■ **What needs to be done**:
The listing is to be printed word for word, pictures omitted.

■ **Data block**:

+ + + + +

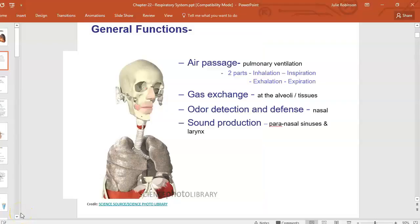Let's begin our discussion of the respiratory system with a short discussion of its functions. The primary function of the respiratory system is to allow these air passageways to get gases into the alveoli, which are sacs surrounded by simple squamous epithelium, so that you can do gas exchange — oxygen into the blood and CO2 out of the blood.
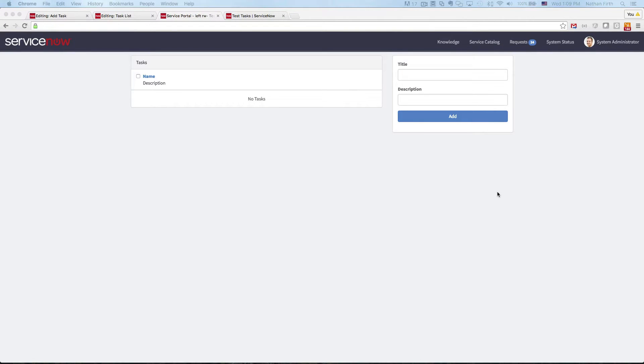Today I'm going to show you guys how to build a real-time task application using the new Record Watcher available in Service Portal.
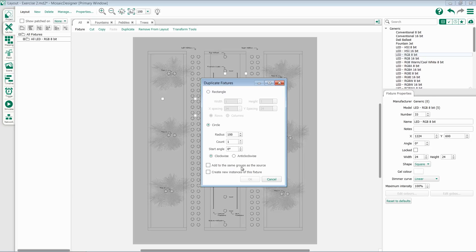If your fixtures are already in a group, and we'll talk more about groups in a later video, you can choose whether to add them back into the group.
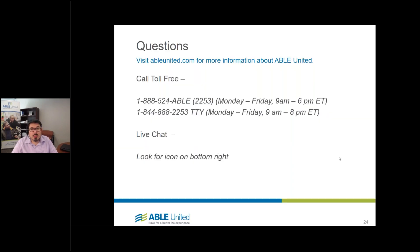Thank you all for your time today. That concludes our webinar. As always, if you have questions, please reach out to our customer service — they're well-trained to answer your questions. Also look for us on our website at ableunited.com, where you'll find any events, upcoming webinars, or places we'll be out in the community. Thank you all for taking time out of your day, and hopefully ABLE will help you achieve a better life experience.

+ + + + +

■ **Result**:
Let's begin our discussion of the respiratory system with a short discussion of its functions. The primary function of the respiratory system is to allow these air passageways to get gases into the alveoli, which are sacs surrounded by simple squamous epithelium, so that you can do gas exchange — oxygen into the blood and CO2 out of the blood.
Today I'm going to show you guys how to build a real-time task application using the new Record Watcher available in Service Portal.
If your fixtures are already in a group, and we'll talk more about groups in a later video, you can choose whether to add them back into the group.
Thank you all for your time today. That concludes our webinar. As always, if you have questions, please reach out to our customer service — they're well-trained to answer your questions. Also look for us on our website at ableunited.com, where you'll find any events, upcoming webinars, or places we'll be out in the community. Thank you all for taking time out of your day, and hopefully ABLE will help you achieve a better life experience.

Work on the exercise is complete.